* PROBLEM DETAILS:
Leave out the pictures, and quote exactly the lines running from the one with "Dont turn your" through the last line of the entries below.
== ENTRIES SHOWN ==
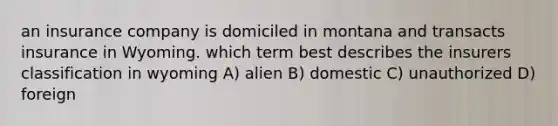 an insurance company is domiciled in montana and transacts insurance in Wyoming. which term best describes the insurers classification in wyoming A) alien B) domestic C) unauthorized D) foreign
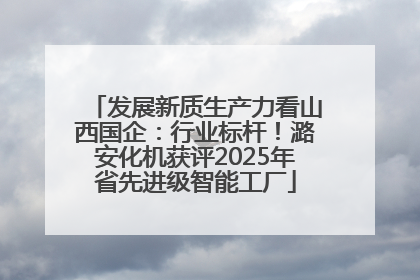发展新质生产力看山西国企：行业标杆！潞安化机获评2025年省先进级智能工厂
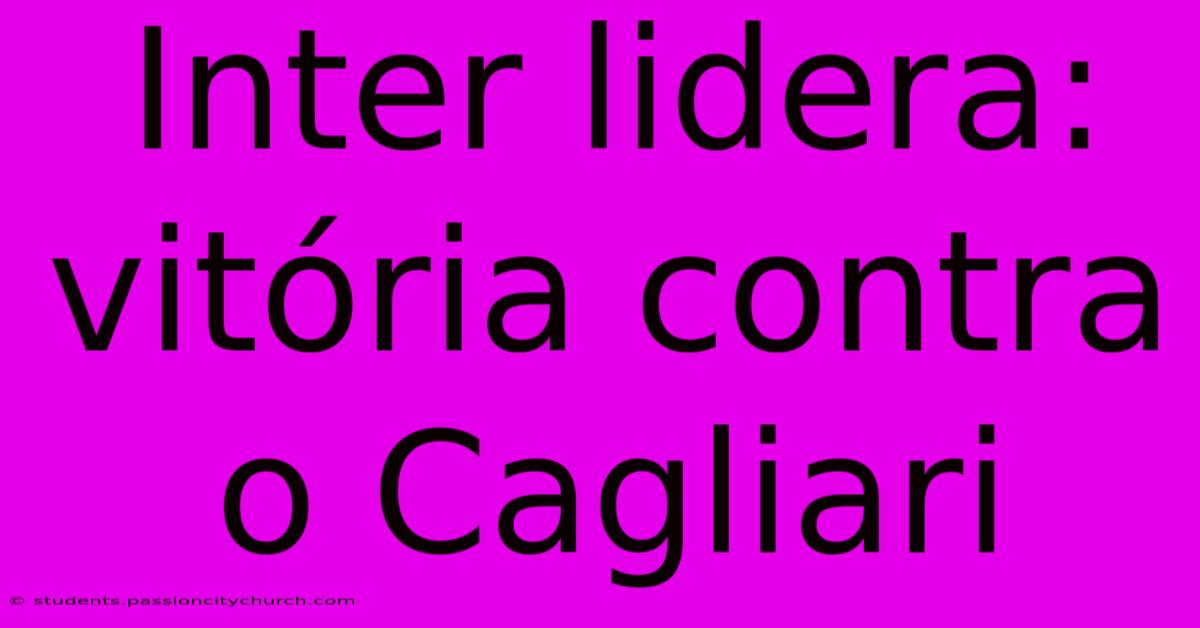 Inter Lidera: Vitória Contra O Cagliari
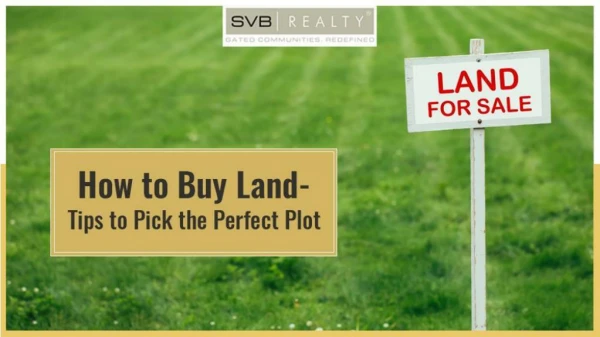 How to Buy Land: Tips to Pick the Perfect Plot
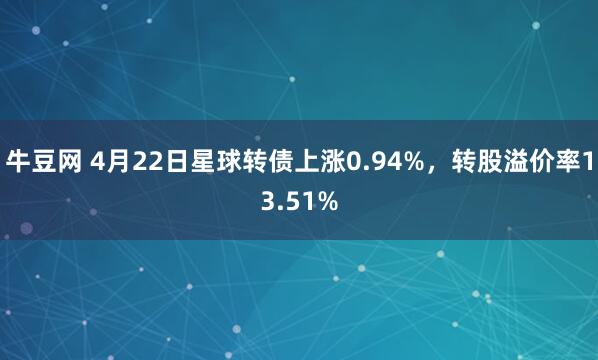 牛豆网 4月22日星球转债上涨0.94%，转股溢价率13.51%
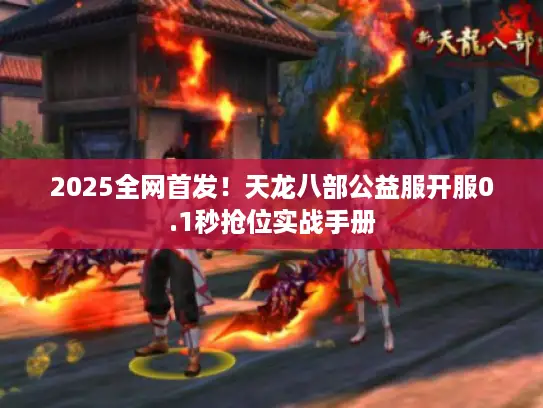 2025全网首发!天龙八部公益服开服0.1秒抢位实战手册 2025全网首发!天龙八部公益服开服0.1秒抢位实战手册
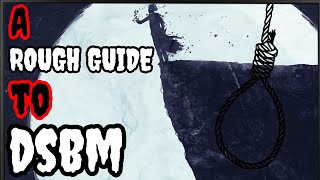 A Rough Guide to DSBM [upl. by Neri351]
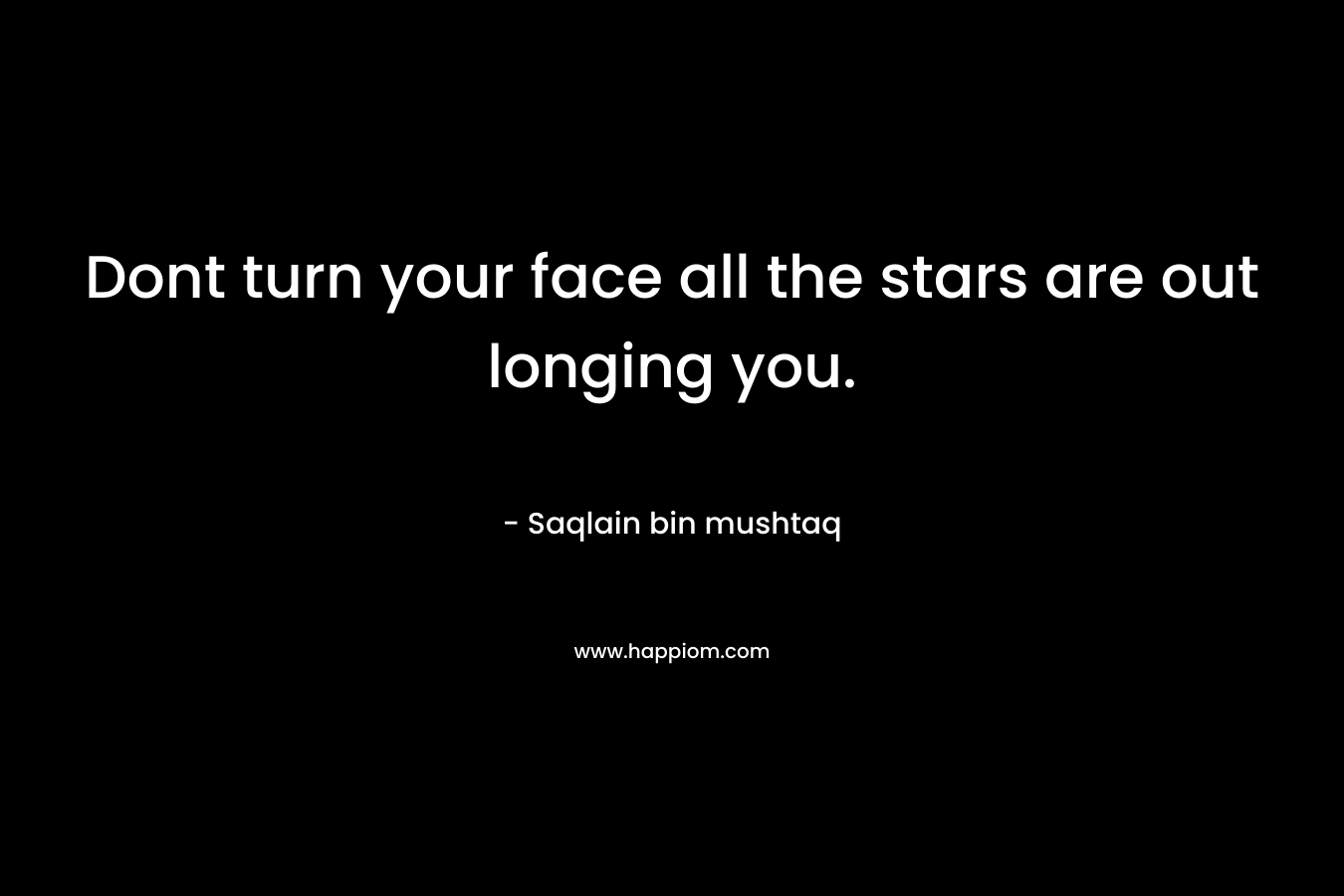 Dont turn your face all the stars are out longing you.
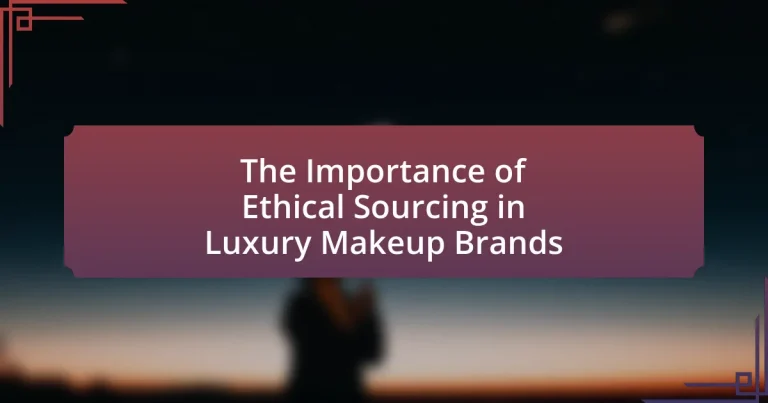 The Importance of Ethical Sourcing in Luxury Makeup Brands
===
* PROBLEM SOLUTION:
 Dont turn your face all the stars are out longing you.
 The Importance of Ethical Sourcing in Luxury Makeup Brands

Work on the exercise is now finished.